One interesting subpopulation is the group of people who enroll in and complete multiple courses. More than 4,000 registrants across MITx and HarvardX earned more than one certificate, including 1,912 who earned at least one certificate from each institution. Seventy-six registrants earned five or more certificates.

 

“Context is so important to understanding these results,” Ho adds. “A graduate-level course in public health should attract different registrants, on average, than an introductory physics course, or a course on global poverty. In this light, it’s wonderful that so many students are engaging so deeply in courses across topics and institutions.”

 

Future directions

 

Looking ahead, Chuang and Ho view the publication of the working papers, and the open sharing of such data, as a key activity in a broad, positive dialogue in higher education.

 

Specifically, they emphasize that the rise of MOOCs has sparked and encouraged experimentation in teaching and in pedagogical research, benefiting both teachers and students. New tools, they contend, give faculty more flexibility and offer novel opportunities to run experiments and gather data. Likewise, online learning platforms put students in the driver’s seat, allowing an individual to engage in a manner that best suits his or her needs.

 

“This isn’t just about MOOCs,” Ho says. “This is about the democratization of learning: Learners are in control.
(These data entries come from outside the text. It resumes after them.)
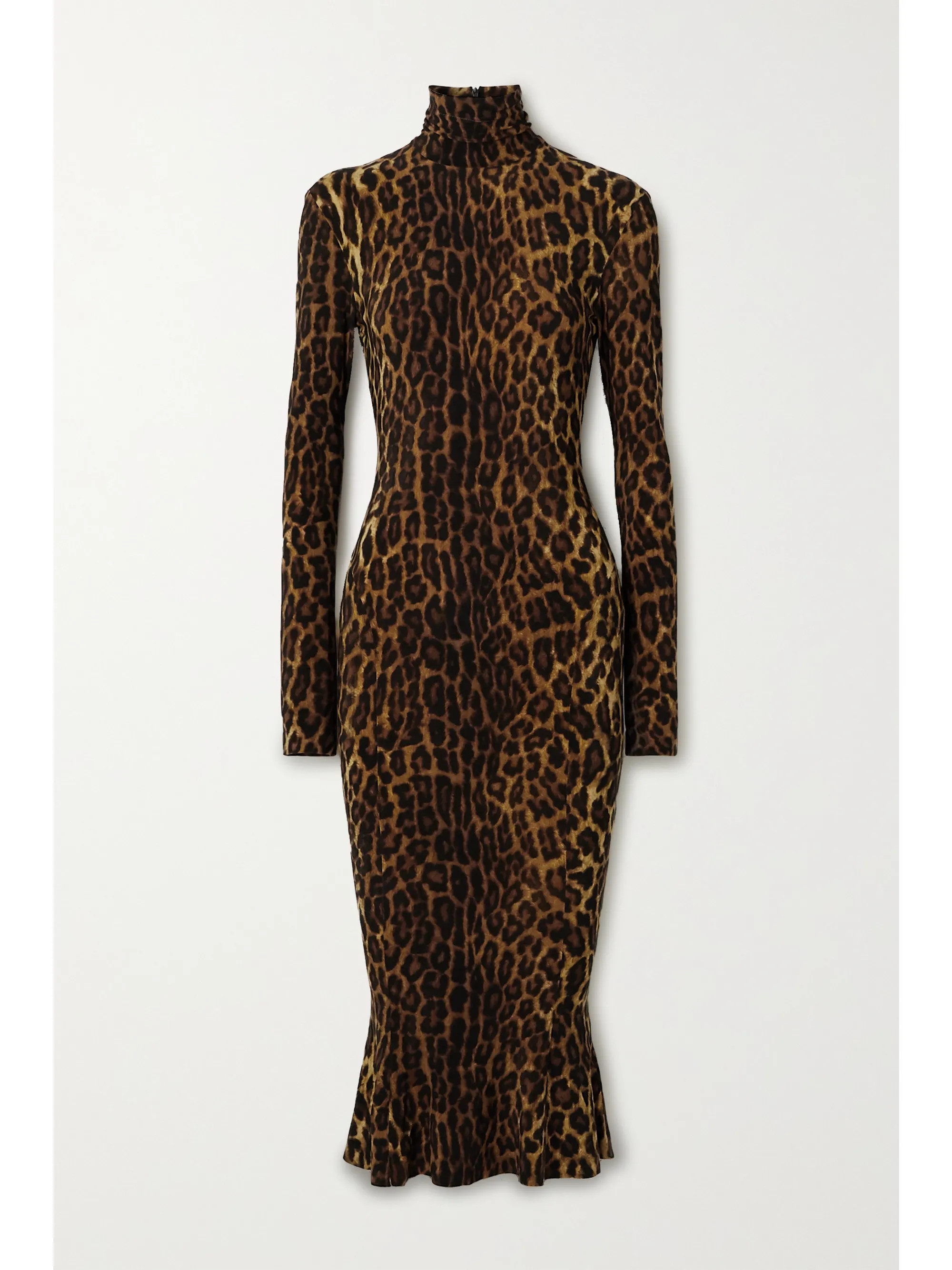 Norma KamaliLeopard-print stretch-jersey turtleneck midi dress | NET-A-PORTER (UK & EU)
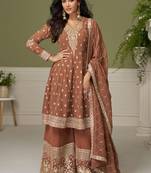 Brown embroidery real georgette salwar suit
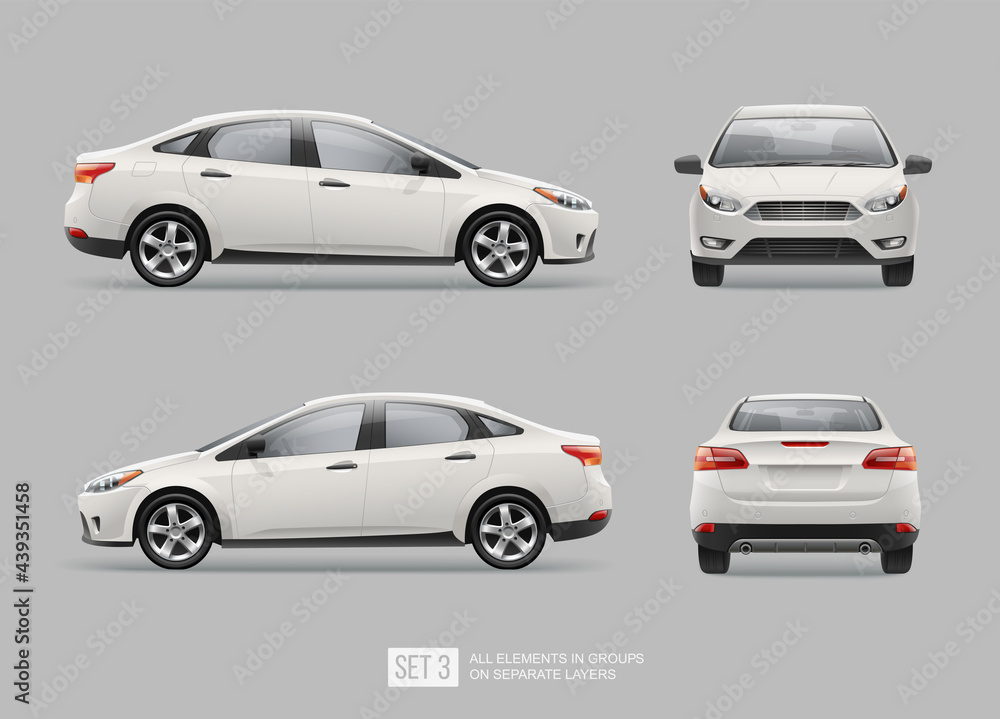 Realistic Business Car Sedan isolated from grey. Corporate Vehicle template for branding mockup and corporate identity on transport. Side view white passenger car - obrazy, fototapety, plakaty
We are at the beginning of an exciting effort to understand how people learn and how to educate well and effectively at scale.”

 

Finally, the researchers expect the working papers and data to serve as one benchmark for future studies on MOOCs and support further work in the science of learning.

 

“The story hidden underneath this series of reports may be this: Institutions like ours are coming to appreciate how cross-institutional educational collaborations involving many students and many courses can open new routes to understand and improve student learning — making a difference around the world and back here on campus,” Chuang says.

 

The lead authors of the MITx and HarvardX course reports were Daniel T. Seaton, a postdoc in MIT’s Office of Digital Learning, and Justin Reich, a HarvardX research fellow.